Copper futures for September delivery declined 1.5 cents, or 0.7 percent, to $2.2545 a pound at 10:58 a.m. on the New York Mercantile Exchange’s Comex division. Copper for delivery in three months slipped $15, or 0.3 percent, to $4,945 a metric ton on the London Metal Exchange.
“While copper is widely perceived to have the strongest fundamentals of any of the base metals on a one- to two-year view, in the short term, we have concerns that the market could face a significant pullback,” Macquarie Group analysts including Jim Lennon and Adam Rowley said today in a report. “The key concern centers around the scale of Chinese buying,” the analysts said.
“There is an $80 trading range in evidence today, indicative of the undecided mood,” Edward Meir, an MF Global Ltd. analyst, said earlier by e-mail.

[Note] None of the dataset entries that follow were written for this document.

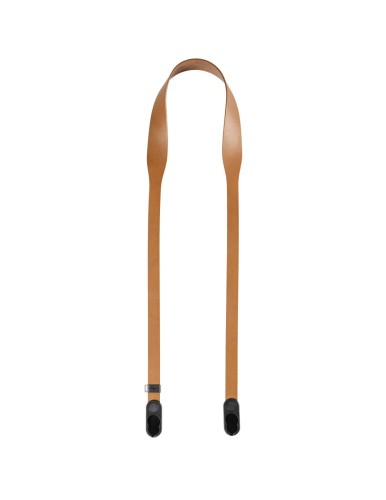 pasek-peak-design-form-leather-camera-strap-standard-tan-brazowy.jpg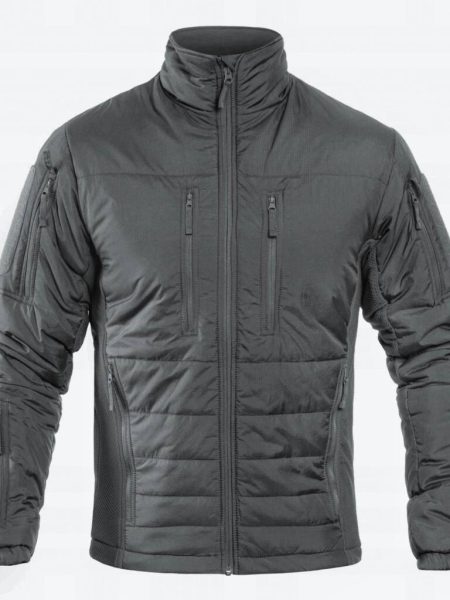 Куртка YINREN Pro Gen 2 Grey
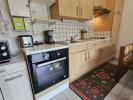 Annonce Vente 2 pièces Appartement Ventron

The LME range has since widened to $119 today. “Our charts do not look as constructive as they did last week, with the short-term trend now broken.”
Aluminum Gains
In other LME markets, aluminum rose $13, or 0.8 percent, to $1,635 a ton, taking its gain this year to 6.2 percent. Aluminum stockpiles in warehouses monitored by the exchange expanded 88 percent this year to a record 4.4 million tons today.
“The metals have been struggling for direction,” analysts at Barclays Capital said in a report. “Economic data has been mixed and concerns over Chinese demand are still lurking in the background.”
About three-quarters of LME aluminum inventories are locked into financial accords, according to Greg Wittbecker, director of materials management at Alcoa Inc., the biggest U.S. producer of the metal.
Among other LME metals, lead rose 0.6 percent to $1,674.25 a ton and zinc gained 0.8 percent to $1,565 a ton. Tin slipped 0.5 percent to $15,025 a ton, and nickel climbed 1 percent to $14,999 a ton.